Many people do indeed use samtools, but if you may also want to look into [GATK](https://gatk.broadinstitute.org/hc/en-us) if you have a big or complex genome.
You should also look into the various parameters used for mapping, mpileup, and so on.
I'm happy to chat about this, but I'm not really an expert; I do have experts in my lab, though, and there are many on campus!
### Digression in a digression: MAD
You might be interested in [Meet and Analyze Data](https://mad.oxli.org). More on that in a bit...

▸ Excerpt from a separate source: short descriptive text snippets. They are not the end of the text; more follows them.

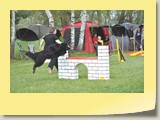 Jumping (991)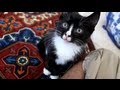 Tuxedo Kitten Meowing Cute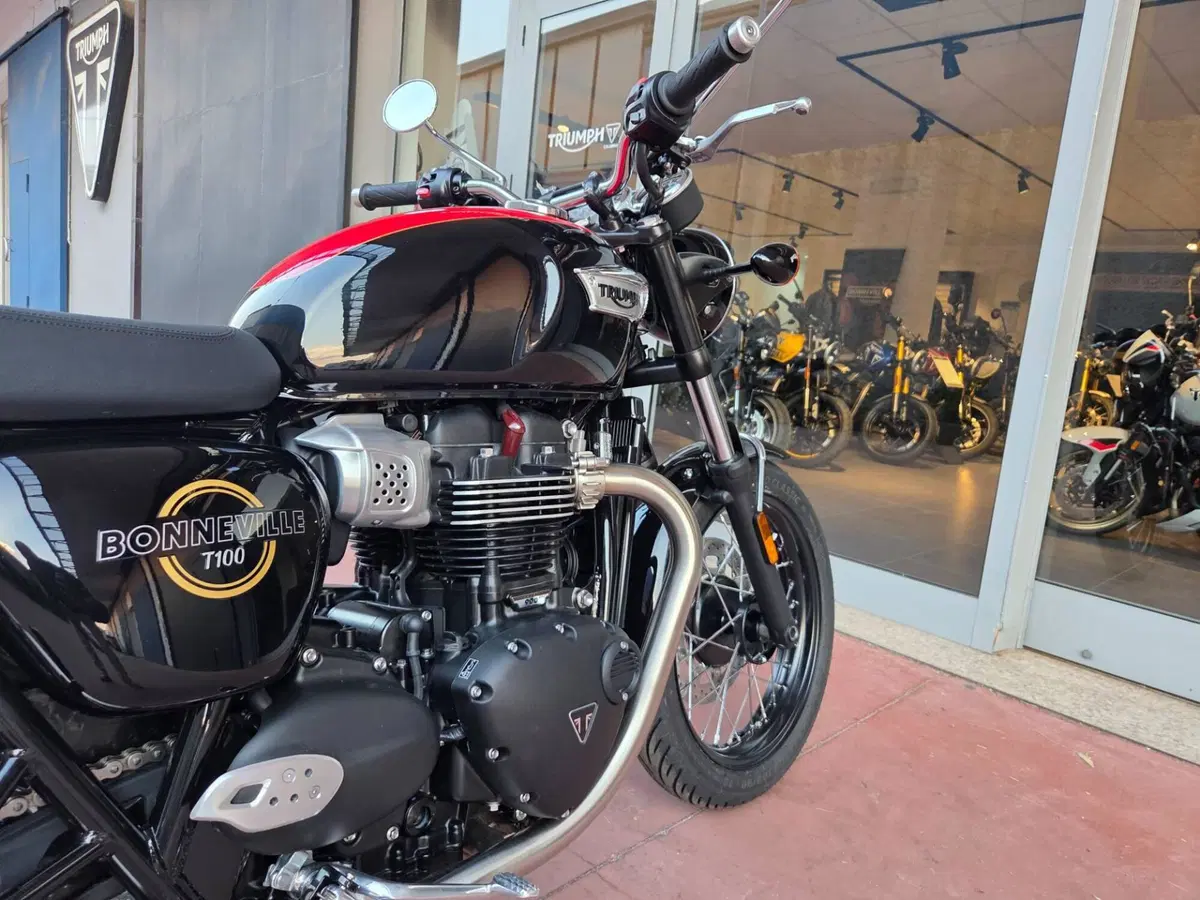 Triumph Bonneville T100 (2026) (14)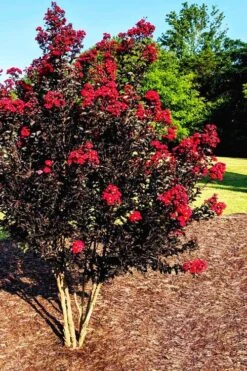 Center Stage Red Black Leaf Crape Myrtle -2 Gallon Pot 10 Center Stage Red Black Leaf Crape Myrtle -2 Gallon Pot -FruitTree Store crape myrtle center stage red 5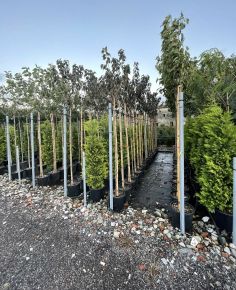 Vöröslevelű díszcseresznye   PRUNUS SERRULATA ROYAL BURGUNDY T200 8/10 K25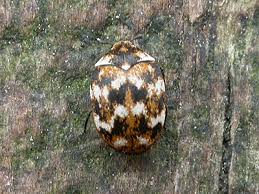 Attēlu rezultāti vaicājumam “Anthrenus verbasci”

## Next workflow steps: more snakemake
### Using wildcards: `{sample}`
A big problem right now is that all our rules are tied to a specific filename. Let's fix that:
In the rule map_reads, change things to:
```
rule map_reads:
input:
"ecoli-rel606.fa.amb",
"{sample}.fastq.gz"
output:
"{sample}.sam"
shell:
"bwa mem -t 4 ecoli-rel606.fa {wildcards.sample}.fastq.gz > {wildcards.\
sample}.sam"
```
### Changing outputs, too
The one remaining problem with the outputs is that the final rule specifes a single `variants.vcf` when what we really want is `{wildcards.sample}-variants.vcf` -- one for each input sample.
Fix it to read like this:
```
rule make_vcf:
input: "{sample}-variants.raw.bcf"
output: "{sample}-variants.vcf"
shell: "bcftools view {wildcards.sample}-variants.raw.bcf > {wildcards.samp\
le}-variants.vcf"
```
## Wildcards, in summary
* In the 'input' and 'output' tags, put wildcard terms in curly brackets, e.g. `{sample}` or `{reads}`.
* In the shell command, use matching wildcard terms in like so: `{wildcards.sample}` or `{wildcards.reads}`
* wildcards operate entirely within a single rule, not across rules.
* you will need (somewhere) to provide them snakemake with a concrete rule that asks for the wildcard rules to be applied, e.g. if you have a rule that says "produce a `.sam` file from a `.fastq.gz` file" somewhere you need to ask for a specific `.sam` file.
### Q: What if I get a workflow error?
If you get the error
>WorkflowError:
>Target rules may not contain wildcards. Please specify concrete files or a rule without wildcards.
>
then what's happening is you're trying to directly run a rule with a wildcard in it (i.e. an abstract rule), and snakemake can't figure out what the wildcard should be; instead, ask snakemake to build a specific file.
For example, with the rule immediately above that adds wildcards to `map_reads`,
```
snakemake map_reads
```
will complain about the target rule containing wildcards. You should instead run
```
snakemake SRR2584857_1.sam
```
which snakemake can use to figure out what the wildcards should be.
An alternative to specifying the file on the command line is to put it in the default rule, e.g. `rule all:` (see [the section on default rules](https://hackmd.io/cGYzxz07SseGxH0y2gjYJw?view#Create-a-good-%E2%80%9Cdefault%E2%80%9D-rule)) and then you can run `snakemake`.
### A quick checklist:
* Are you asking snakemake to create a _specific_ file?
* either by executing `snakemake <filename>`
* or by specifying a rule that has an input or an output without wildcards,
* or by providing a default rule?
* for any rule that you expect to be executed automatically (because some other rule needs its output), have you specified `output:`?